Exercise directions: Output, word for word, the lines of this listing that fall between the line with "Takeuchi TB 230" and the line with "Alt View 3.", counting both of those lines, and no others.

Stored data:
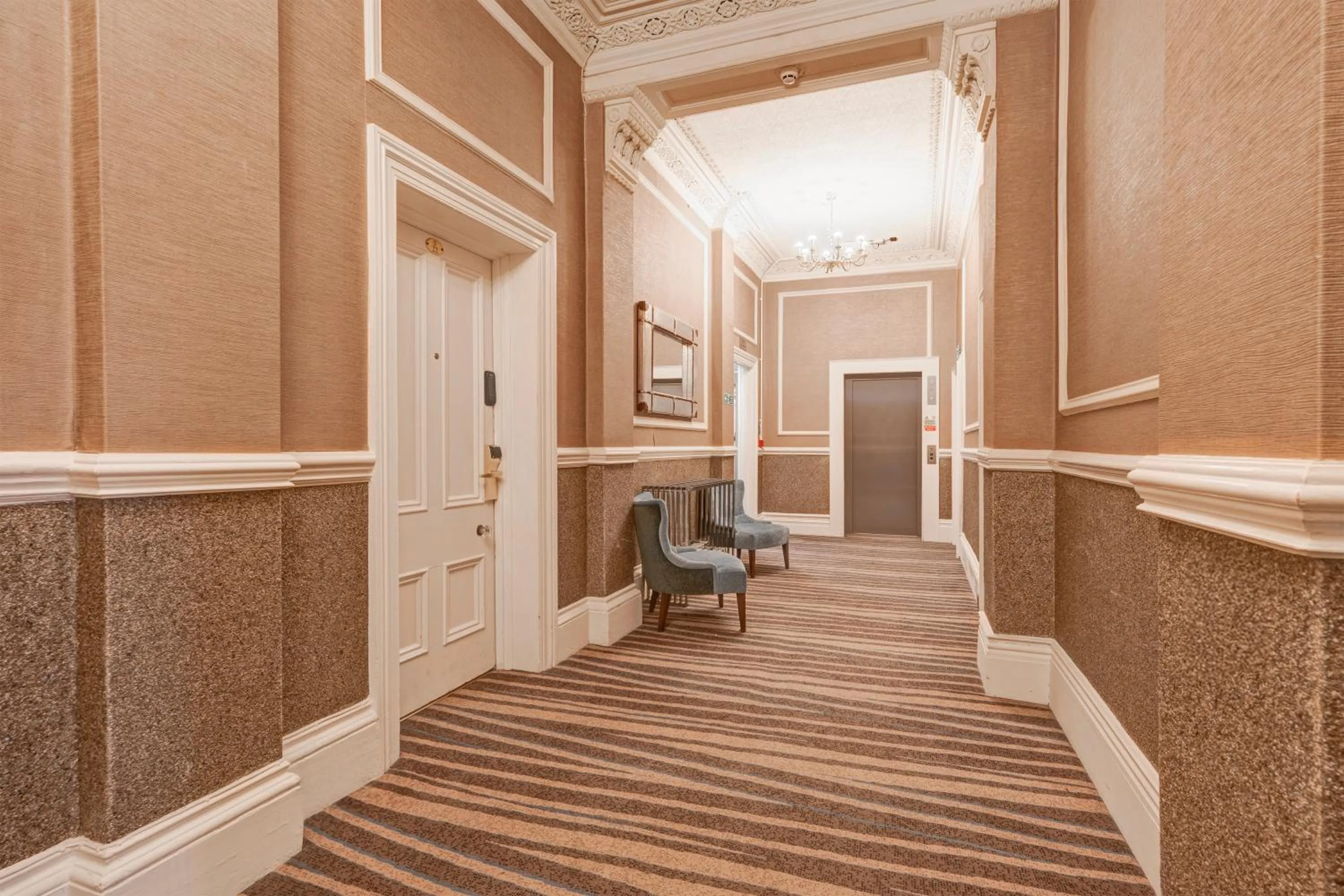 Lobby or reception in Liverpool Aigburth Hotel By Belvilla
---
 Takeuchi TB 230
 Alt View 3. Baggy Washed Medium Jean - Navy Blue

Result for this exercise:
 Takeuchi TB 230
 Alt View 3. Baggy Washed Medium Jean - Navy Blue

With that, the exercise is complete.